Monday, June 28, 2010

Losing it...

Courage is connected with taking risks. Jumping the Grand Canyon on a motorbike, coming over Niagara Falls in a barrel, or crossing the ocean in a rowboat are called courageous acts because people risk their lives by doing these things. But none of these daredevil acts comes from the centre of our being. They all come from the desire to test our physical limits and to become famous and popular.

Spiritual courage is something completely different. It is following the deepest desires of our hearts at the risk of losing fame and popularity. It asks of us the willingness to lose our temporal lives in order to gain eternal life...

The society in which we live suggests in countless ways that the way to go is up. Making it to the top, entering the limelight, breaking the record - that's what draws attention, gets us on the front page of the newspaper, and offers us the rewards of money and fame.

The way of Jesus is radically different. It is the way not of upward mobility but of downward mobility. It is going to the bottom, staying behind the sets, and choosing the last place! Why is the way of Jesus worth choosing? Because it is the way to the Kingdom, the way Jesus took, and the way that brings everlasting life.

Henri Nouwen, from Bread for the Journey
All too often, I think, we Christians are the last to realise that what society regards as misfortune may be for us the greatest blessing. The Beatitudes (Matthew 5) spell this out for us, and yet we consistently don't get it. We interpret grief as something to be "got over", poverty as "an attack from the devil." Doing so, I think we risk missing the blessings Jesus has promised us - cf. Luke 18:29-30.

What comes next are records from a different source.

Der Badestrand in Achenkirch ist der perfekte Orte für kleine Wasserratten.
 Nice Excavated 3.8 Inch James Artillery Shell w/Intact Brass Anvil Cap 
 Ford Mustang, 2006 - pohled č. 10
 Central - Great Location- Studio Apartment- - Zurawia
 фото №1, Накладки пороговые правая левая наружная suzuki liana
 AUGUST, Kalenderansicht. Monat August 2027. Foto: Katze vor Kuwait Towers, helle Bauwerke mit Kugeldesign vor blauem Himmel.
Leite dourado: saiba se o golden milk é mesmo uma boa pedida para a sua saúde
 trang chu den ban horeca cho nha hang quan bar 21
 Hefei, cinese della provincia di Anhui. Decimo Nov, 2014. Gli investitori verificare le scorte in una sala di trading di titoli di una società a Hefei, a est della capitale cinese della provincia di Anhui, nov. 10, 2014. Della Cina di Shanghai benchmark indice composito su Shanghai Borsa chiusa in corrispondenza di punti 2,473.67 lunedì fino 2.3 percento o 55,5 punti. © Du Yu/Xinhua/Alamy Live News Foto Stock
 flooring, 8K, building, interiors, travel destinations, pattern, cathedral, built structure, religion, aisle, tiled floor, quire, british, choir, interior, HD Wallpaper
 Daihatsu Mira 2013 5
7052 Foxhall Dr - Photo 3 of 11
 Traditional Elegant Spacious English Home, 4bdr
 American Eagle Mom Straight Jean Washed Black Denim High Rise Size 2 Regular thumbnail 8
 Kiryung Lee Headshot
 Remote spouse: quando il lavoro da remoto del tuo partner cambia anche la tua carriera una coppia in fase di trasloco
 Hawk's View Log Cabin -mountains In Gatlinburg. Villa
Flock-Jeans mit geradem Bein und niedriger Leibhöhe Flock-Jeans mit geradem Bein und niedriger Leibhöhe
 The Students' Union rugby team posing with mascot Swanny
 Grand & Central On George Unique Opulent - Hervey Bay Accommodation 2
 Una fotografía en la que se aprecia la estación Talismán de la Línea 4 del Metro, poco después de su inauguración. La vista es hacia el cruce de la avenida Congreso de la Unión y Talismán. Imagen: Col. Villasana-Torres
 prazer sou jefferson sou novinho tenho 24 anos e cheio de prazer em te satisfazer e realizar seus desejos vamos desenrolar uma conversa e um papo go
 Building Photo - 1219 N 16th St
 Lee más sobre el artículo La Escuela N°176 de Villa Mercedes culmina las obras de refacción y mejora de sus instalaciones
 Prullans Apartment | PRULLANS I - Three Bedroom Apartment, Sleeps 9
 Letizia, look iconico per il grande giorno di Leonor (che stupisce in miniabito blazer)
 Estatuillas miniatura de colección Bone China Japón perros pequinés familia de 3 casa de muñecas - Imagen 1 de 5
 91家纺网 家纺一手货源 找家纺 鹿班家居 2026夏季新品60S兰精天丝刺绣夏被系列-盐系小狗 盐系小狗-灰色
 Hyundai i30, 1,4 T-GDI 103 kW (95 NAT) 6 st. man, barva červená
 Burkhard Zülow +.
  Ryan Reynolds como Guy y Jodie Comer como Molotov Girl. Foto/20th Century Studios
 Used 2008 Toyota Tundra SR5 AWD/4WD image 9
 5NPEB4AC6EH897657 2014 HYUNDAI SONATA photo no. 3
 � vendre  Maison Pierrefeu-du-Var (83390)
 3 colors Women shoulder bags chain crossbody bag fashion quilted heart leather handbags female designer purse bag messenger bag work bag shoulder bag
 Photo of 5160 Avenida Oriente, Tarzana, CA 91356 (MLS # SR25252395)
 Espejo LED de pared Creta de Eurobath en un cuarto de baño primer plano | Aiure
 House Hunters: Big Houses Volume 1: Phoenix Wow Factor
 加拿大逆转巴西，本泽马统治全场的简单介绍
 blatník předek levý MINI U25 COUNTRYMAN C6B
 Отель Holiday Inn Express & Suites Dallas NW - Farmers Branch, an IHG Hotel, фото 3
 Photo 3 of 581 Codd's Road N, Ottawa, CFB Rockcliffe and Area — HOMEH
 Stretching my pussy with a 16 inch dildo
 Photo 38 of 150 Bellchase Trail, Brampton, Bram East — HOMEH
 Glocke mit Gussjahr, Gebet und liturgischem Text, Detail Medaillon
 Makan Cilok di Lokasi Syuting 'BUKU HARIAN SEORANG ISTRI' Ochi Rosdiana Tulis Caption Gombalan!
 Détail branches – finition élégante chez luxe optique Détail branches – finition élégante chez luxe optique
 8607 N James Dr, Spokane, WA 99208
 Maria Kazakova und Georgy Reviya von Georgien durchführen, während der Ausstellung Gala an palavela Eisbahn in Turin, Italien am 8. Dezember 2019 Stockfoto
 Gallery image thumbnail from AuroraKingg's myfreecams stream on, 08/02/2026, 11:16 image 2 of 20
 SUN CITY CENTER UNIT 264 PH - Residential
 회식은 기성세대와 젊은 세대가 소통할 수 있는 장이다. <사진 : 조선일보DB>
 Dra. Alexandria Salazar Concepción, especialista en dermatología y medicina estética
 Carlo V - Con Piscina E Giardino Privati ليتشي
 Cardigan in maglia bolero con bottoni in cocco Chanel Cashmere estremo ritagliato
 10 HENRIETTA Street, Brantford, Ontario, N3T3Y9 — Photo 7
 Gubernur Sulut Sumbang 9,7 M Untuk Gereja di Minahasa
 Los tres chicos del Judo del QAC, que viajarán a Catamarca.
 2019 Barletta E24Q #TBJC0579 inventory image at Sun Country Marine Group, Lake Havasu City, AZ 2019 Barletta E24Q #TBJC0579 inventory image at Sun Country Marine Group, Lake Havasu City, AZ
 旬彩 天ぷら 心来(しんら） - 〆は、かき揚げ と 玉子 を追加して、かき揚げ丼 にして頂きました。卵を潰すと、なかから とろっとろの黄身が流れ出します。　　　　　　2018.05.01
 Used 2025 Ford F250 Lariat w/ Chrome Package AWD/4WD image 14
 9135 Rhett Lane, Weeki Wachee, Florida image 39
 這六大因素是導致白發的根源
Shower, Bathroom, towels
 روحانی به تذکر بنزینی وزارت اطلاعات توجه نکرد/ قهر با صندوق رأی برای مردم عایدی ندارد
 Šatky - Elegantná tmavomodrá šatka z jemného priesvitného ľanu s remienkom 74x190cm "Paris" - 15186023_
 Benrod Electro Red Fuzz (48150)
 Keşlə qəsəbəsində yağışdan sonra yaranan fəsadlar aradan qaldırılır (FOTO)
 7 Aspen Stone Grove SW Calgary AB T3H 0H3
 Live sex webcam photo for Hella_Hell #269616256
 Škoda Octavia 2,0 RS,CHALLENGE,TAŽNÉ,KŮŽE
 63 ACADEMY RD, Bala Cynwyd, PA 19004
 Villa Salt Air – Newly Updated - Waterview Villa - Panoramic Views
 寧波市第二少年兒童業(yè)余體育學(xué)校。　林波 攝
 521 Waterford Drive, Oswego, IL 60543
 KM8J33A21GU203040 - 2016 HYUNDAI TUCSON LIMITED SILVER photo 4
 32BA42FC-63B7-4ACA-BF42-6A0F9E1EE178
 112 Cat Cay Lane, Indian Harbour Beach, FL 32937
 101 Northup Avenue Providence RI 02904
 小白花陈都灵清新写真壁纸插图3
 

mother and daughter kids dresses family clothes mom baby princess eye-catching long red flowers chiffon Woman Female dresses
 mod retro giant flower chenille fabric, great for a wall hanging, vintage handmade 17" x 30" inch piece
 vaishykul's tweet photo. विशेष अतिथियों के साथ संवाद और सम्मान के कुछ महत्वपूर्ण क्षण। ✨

We need to have the courage of our convictions, we Franciscans especially. Our faithfulness is not to the world's values, nor even Christ's, but to Jesus himself. We cannot go on looking for the world's rewards, judging ourselves by the world's standards. We have to be happy being a bit strange, raggedy even, the kind of people who get misunderstood, but without rancour and without affectation. Our only rewards are the ones we have been promised. This is the way that Jesus took, and we can only follow, surely?